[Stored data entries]
**********

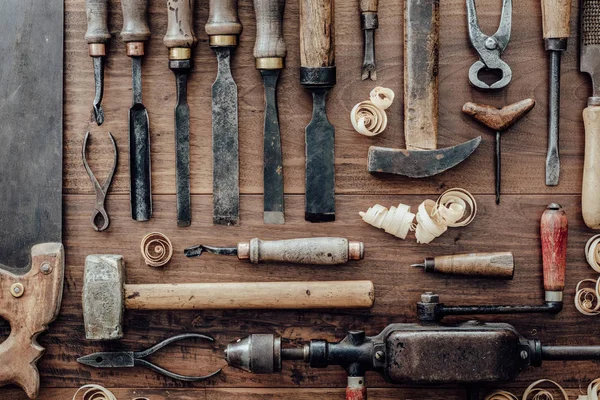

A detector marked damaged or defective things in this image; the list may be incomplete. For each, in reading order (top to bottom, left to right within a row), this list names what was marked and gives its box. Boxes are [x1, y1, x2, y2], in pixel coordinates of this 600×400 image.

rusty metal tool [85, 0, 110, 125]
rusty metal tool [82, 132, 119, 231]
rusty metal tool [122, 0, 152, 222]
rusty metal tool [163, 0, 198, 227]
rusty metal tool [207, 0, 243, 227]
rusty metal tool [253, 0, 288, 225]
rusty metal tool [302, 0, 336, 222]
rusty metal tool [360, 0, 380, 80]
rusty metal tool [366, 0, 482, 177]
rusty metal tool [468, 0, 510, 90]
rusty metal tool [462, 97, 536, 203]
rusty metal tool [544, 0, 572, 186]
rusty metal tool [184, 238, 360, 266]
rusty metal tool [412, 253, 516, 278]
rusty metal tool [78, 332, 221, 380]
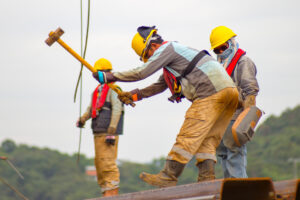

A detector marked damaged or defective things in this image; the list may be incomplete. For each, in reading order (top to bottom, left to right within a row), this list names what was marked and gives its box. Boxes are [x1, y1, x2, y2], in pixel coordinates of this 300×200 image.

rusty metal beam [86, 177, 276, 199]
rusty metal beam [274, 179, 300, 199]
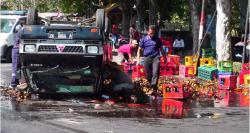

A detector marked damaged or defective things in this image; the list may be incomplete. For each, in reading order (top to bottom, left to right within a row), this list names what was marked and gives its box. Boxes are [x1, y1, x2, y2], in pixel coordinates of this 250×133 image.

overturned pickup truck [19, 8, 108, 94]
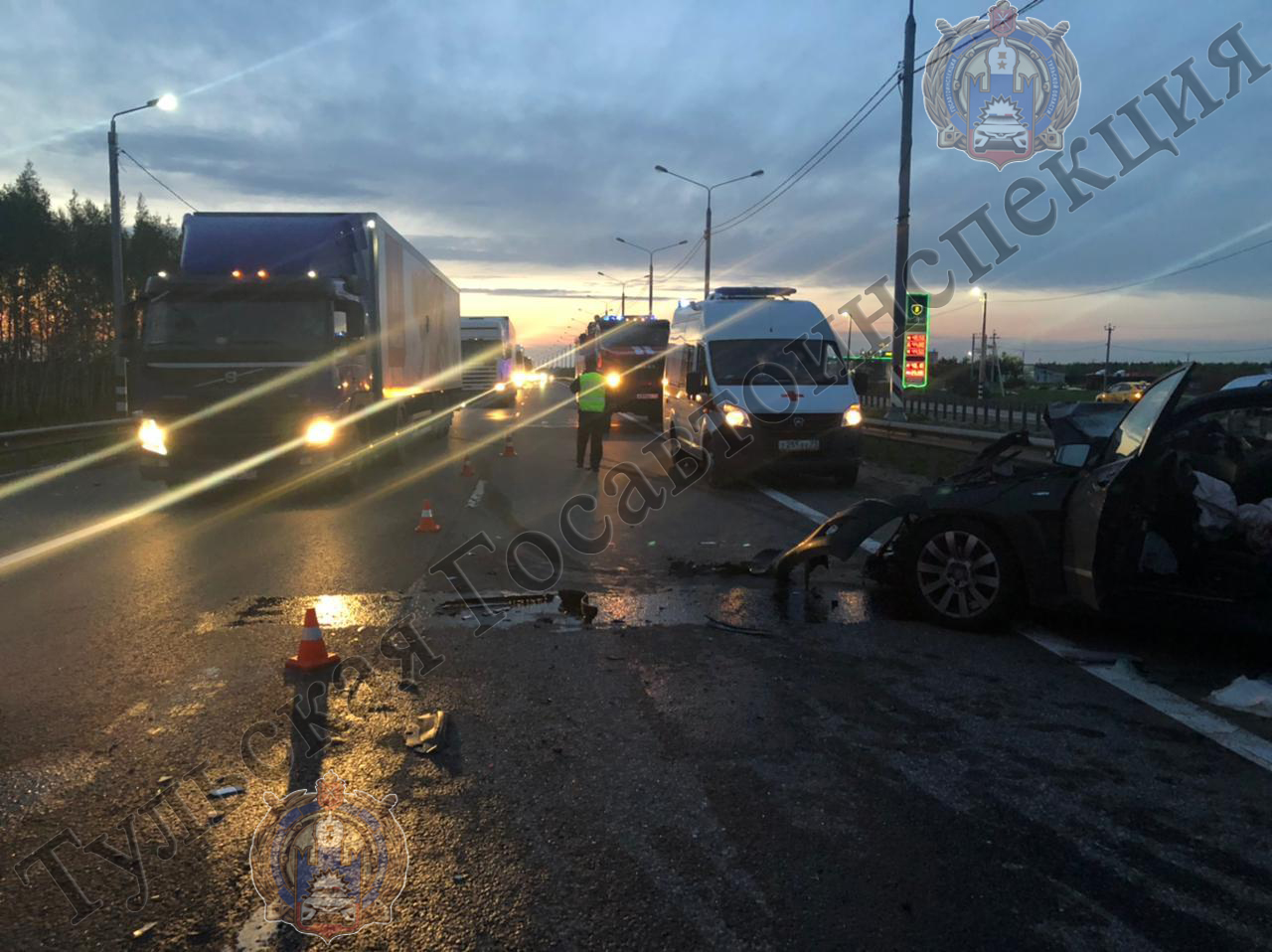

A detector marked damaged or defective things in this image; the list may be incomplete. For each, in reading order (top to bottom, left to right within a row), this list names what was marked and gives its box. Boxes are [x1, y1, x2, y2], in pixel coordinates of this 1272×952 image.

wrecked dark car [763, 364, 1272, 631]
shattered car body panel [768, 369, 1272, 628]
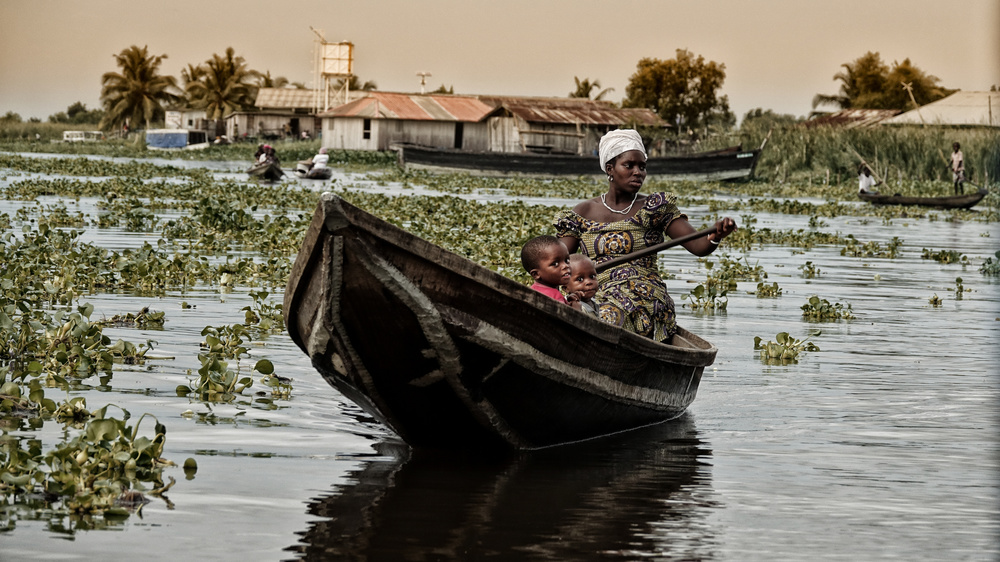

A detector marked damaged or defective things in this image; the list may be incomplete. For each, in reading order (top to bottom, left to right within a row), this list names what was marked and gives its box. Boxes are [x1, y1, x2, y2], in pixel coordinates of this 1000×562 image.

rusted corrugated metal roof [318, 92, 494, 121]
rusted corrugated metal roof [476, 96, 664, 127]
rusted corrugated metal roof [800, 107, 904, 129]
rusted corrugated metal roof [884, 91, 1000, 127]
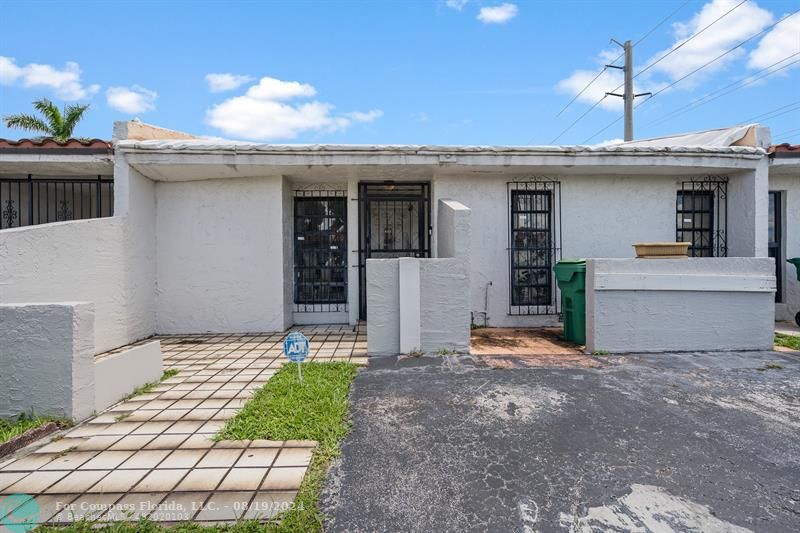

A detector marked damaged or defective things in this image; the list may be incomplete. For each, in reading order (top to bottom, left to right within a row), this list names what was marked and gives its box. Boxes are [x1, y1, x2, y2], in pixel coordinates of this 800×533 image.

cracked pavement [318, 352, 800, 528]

**********

(TASK TO COMPLETE)
Give again, exactly as written, the lines from the one with "this 1000×562 image." through the last line of the entries above, but skip the pictures.

(YOUR RESPONSE)
A detector marked damaged or defective things in this image; the list may be incomplete. For each, in reading order (top to bottom, left to right within a row), this list names what was marked and gives its box. Boxes are [x1, y1, x2, y2], in pixel coordinates of this 1000×562 image.

rusted corrugated metal roof [318, 92, 494, 121]
rusted corrugated metal roof [476, 96, 664, 127]
rusted corrugated metal roof [800, 107, 904, 129]
rusted corrugated metal roof [884, 91, 1000, 127]

A detector marked damaged or defective things in this image; the list may be incomplete. For each, in reading order (top to bottom, left to right within a row), this list names what was marked and gives its box. Boxes are [x1, y1, x2, y2], in pixel coordinates of this 800×533 image.

cracked pavement [318, 352, 800, 528]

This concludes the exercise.